::: Extracted records :::

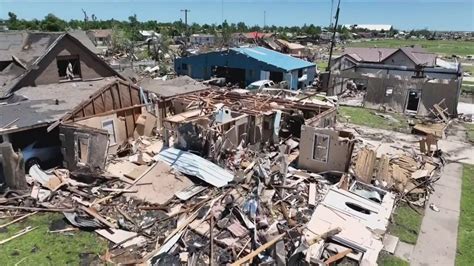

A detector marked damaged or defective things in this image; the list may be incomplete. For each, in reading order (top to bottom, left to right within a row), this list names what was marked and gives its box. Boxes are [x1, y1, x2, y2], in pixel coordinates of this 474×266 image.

damaged structure [330, 45, 462, 115]
broken wall [59, 124, 109, 171]
broken wall [298, 126, 354, 174]
splintered wood [354, 149, 376, 184]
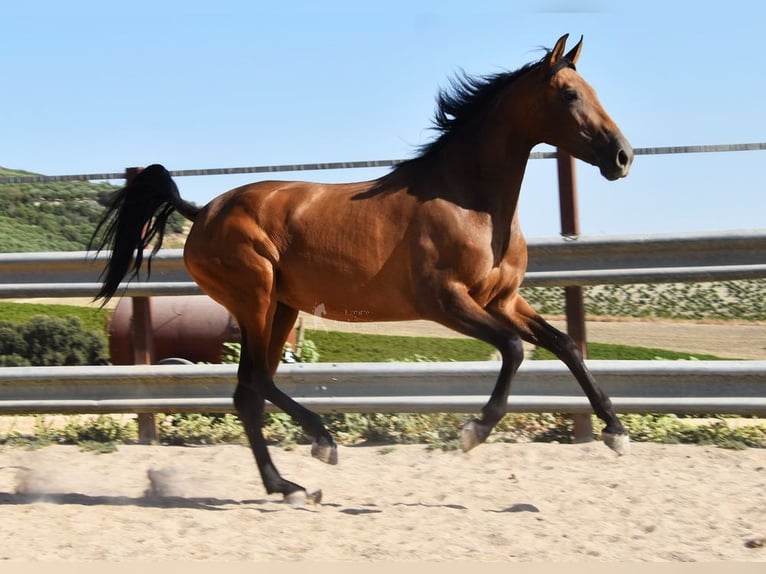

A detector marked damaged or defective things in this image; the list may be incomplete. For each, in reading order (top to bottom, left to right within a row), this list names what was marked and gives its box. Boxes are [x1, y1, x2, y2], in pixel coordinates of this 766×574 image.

rusty cylindrical tank [108, 296, 240, 364]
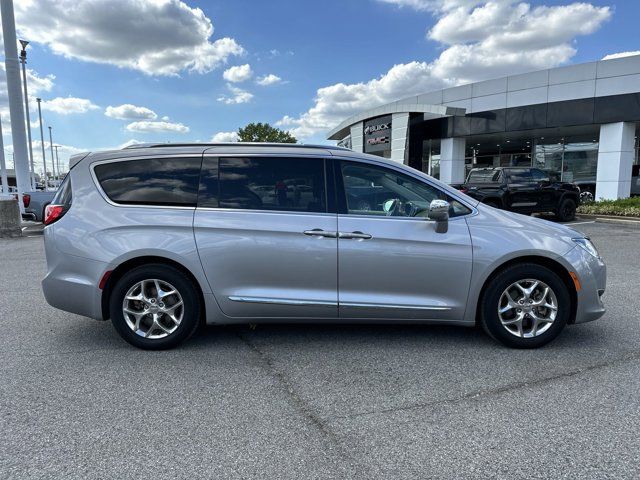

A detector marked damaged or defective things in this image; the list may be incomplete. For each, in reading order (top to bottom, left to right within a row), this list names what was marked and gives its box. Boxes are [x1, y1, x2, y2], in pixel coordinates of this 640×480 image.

cracked pavement [1, 220, 640, 476]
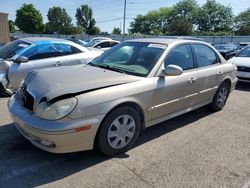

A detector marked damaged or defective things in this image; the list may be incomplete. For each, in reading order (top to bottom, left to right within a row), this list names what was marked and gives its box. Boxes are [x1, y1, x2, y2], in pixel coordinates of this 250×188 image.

cracked headlight [35, 97, 77, 120]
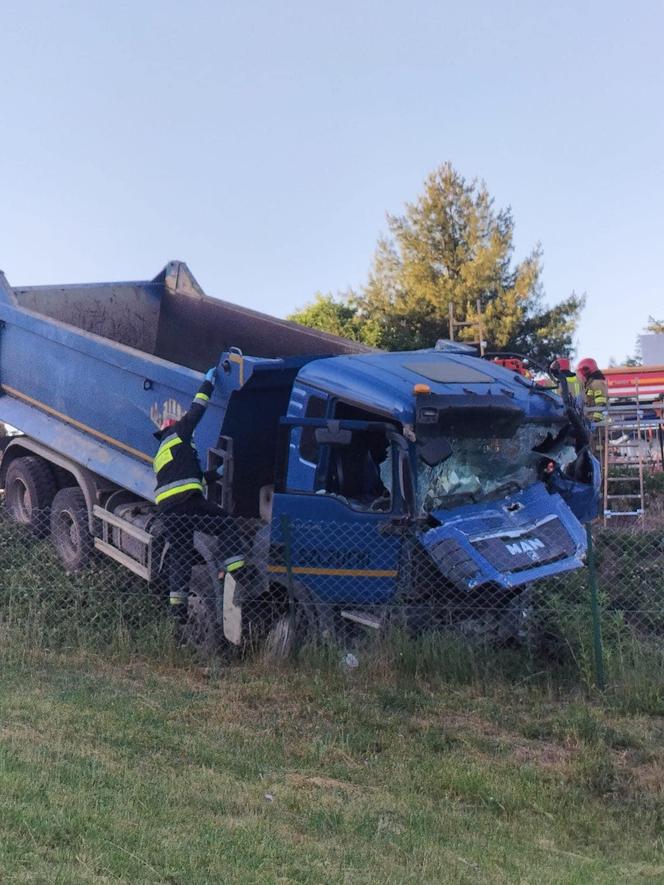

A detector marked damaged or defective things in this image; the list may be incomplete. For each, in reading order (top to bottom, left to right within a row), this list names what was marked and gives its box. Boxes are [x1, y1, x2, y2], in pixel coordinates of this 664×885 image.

crushed truck cab [0, 258, 600, 644]
shattered windshield [418, 420, 572, 512]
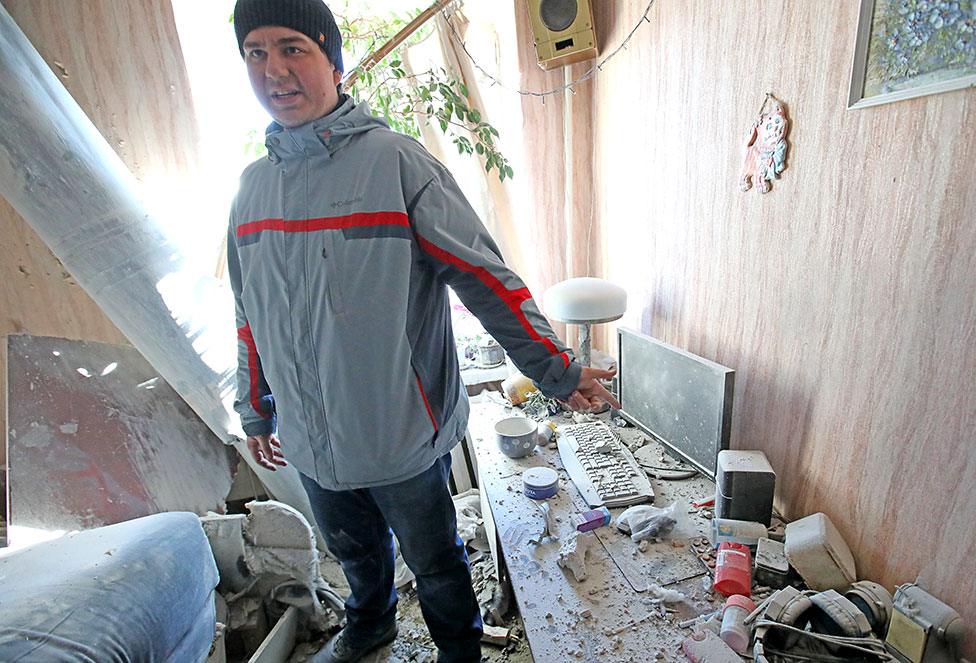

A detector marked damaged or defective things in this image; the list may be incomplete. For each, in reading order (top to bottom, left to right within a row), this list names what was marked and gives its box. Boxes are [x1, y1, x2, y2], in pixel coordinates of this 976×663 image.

damaged wall [0, 0, 202, 472]
damaged wall [588, 1, 976, 660]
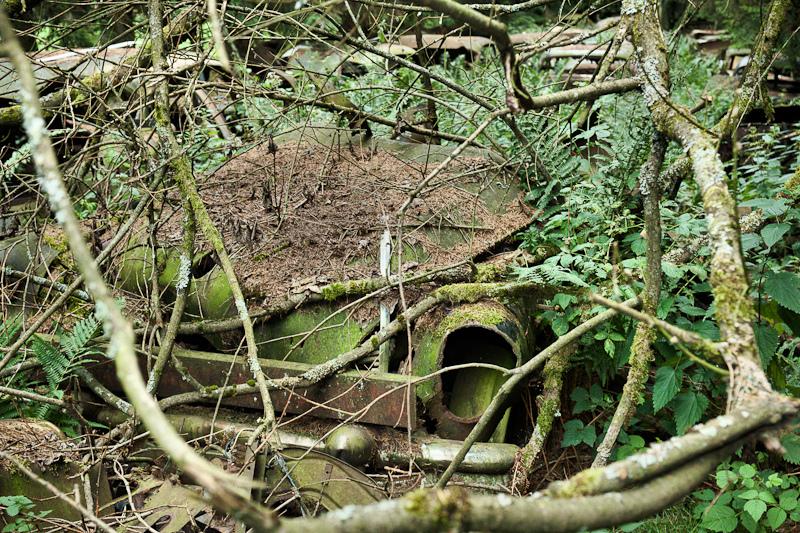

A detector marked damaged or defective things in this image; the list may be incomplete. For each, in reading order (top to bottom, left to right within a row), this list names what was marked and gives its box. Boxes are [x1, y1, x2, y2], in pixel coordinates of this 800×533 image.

rusty metal [92, 344, 418, 428]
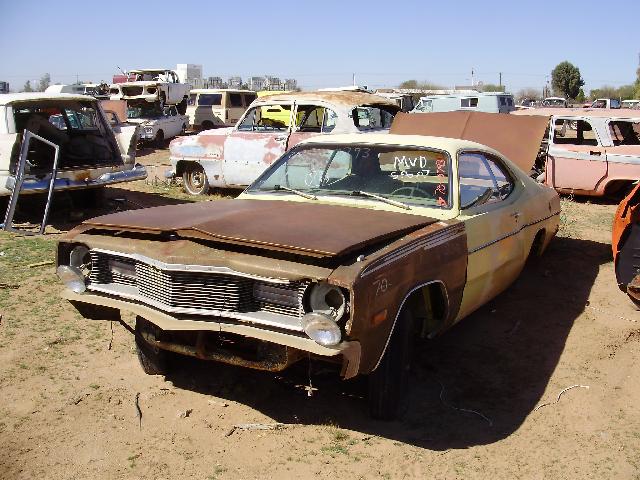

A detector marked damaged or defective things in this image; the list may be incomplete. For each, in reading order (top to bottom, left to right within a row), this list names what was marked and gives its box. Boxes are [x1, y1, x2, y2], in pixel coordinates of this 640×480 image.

wrecked vehicle [0, 92, 146, 206]
wrecked vehicle [109, 69, 190, 113]
wrecked vehicle [126, 101, 189, 146]
wrecked vehicle [169, 91, 400, 194]
wrecked vehicle [512, 108, 640, 197]
wrecked vehicle [57, 110, 556, 418]
rusted plymouth duster [58, 111, 560, 416]
wrecked vehicle [608, 182, 640, 306]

:::

* **Work order**:
Without including any picture, restate every entry above exactly.

* **Task answer**:
A detector marked damaged or defective things in this image; the list may be incomplete. For each, in reading order (top to bottom, left to right within a row), this list names what was marked and gives its box. Boxes are [x1, y1, x2, y2], in pixel coordinates of this 474×266 image.

damaged structure [330, 45, 462, 115]
broken wall [59, 124, 109, 171]
broken wall [298, 126, 354, 174]
splintered wood [354, 149, 376, 184]

A detector marked damaged or defective things in this image; the list may be incomplete. For each, in reading order (top to bottom, left to right within a row), this list names what was marked and gives its box. Boxes are [x1, y1, x2, y2], in pixel coordinates of this 766×574 image.

rusty cylindrical tank [108, 296, 240, 364]

A detector marked damaged or defective things in this image; the list may be incomplete. For each, in reading order (top to bottom, left to right within a row), this list names what was marked and gives its box. Boxes are [x1, y1, x2, y2], in pixel coordinates of this 640×480 image.

cracked pavement [1, 220, 640, 476]

A detector marked damaged or defective things in this image; the list may be incomplete. For each, in reading order (top to bottom, left to right within a row), this list names what was marked and gives its box. Boxes are [x1, y1, x2, y2], in pixel coordinates of this 250×188 image.

cracked headlight [35, 97, 77, 120]

A detector marked damaged or defective things in this image; the list may be incomplete. For each, in reading order (top to bottom, left to right within a row), this list names what was marked and gives its box. Boxes are [x1, y1, x2, y2], in pixel coordinates of this 664×885 image.

crushed truck cab [0, 258, 600, 644]
shattered windshield [418, 420, 572, 512]

A detector marked damaged or defective things in this image; the list may be incomplete. For each, in reading order (top to bottom, left to right within a row), this list names what was marked and gives its box. Boxes are [x1, y1, x2, y2], in pixel coordinates of this 976×663 image.

damaged wall [0, 0, 202, 472]
damaged wall [588, 1, 976, 660]

A detector marked damaged or defective things in this image; the list may be incomplete. For each, in reading order (top to bottom, left to right within a row), this list names what was marked and gives its box. Boxes are [x1, y1, x2, y2], in pixel coordinates of this 800×533 image.

rusty metal [92, 344, 418, 428]

A detector marked damaged or defective things in this image; the list may be incomplete. For each, in reading order (top to bottom, left to right within a row), this list names what was marked and gives its box. Boxes are [x1, y1, x2, y2], in pixel coordinates of this 640×480 image.

wrecked vehicle [0, 92, 146, 206]
wrecked vehicle [109, 69, 190, 113]
wrecked vehicle [126, 101, 189, 146]
wrecked vehicle [169, 91, 400, 194]
wrecked vehicle [512, 108, 640, 197]
wrecked vehicle [57, 110, 556, 418]
rusted plymouth duster [58, 111, 560, 416]
wrecked vehicle [608, 182, 640, 306]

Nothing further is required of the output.